Jak dodał, gwałtowne deszcze i szybkie odprowadzenie wody ze środowiska powoduje, iż woda nie zatrzymuje się w środowisku, ale szybko odpływa do rzek, a następnie do Bałtyku.

W rozmowie z nami ekspert wskazał też na drugi problem, związany z „samym gospodarowaniem wodą w środowisku”. „Nie dbamy o wodę w środowisku. Raczej staramy się jej jak najszybciej pozbyć, budując kanalizacje deszczowe, uszczelniamy tereny wiejskie i miejskie, powodujące szybkie odprowadzanie wody z miast i terenów wiejskich” – wymieniał.

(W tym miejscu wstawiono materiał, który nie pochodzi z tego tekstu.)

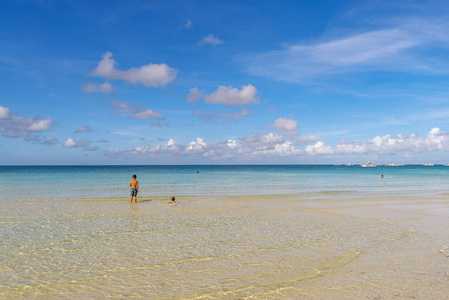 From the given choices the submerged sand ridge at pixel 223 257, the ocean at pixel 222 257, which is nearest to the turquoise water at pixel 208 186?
the submerged sand ridge at pixel 223 257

Woźnica zaznaczył, że również wysychanie rzek jest konsekwencją powiększania się powierzchni obszarów uszczelnionych, które przyśpieszają spływ wody. „Mimo opadów, po dniu po deszczu nie ma już śladu, i znowu jest susza, bo opad trafił na teren uszczelniony i błyskawicznie został usunięty ze środowiska” – powiedział ekspert.

Wymieniając przyczyny coraz większych niedoborów wody, prof. Woźnica wspomniał również o „ciepłych zimach z małą ilością śniegu, co przekłada się na małą ilość wody wiosną oraz słabe zasilanie wód podziemnych, które stanowią część tych zasobów wodnych, które zasilają wody powierzchniowe”.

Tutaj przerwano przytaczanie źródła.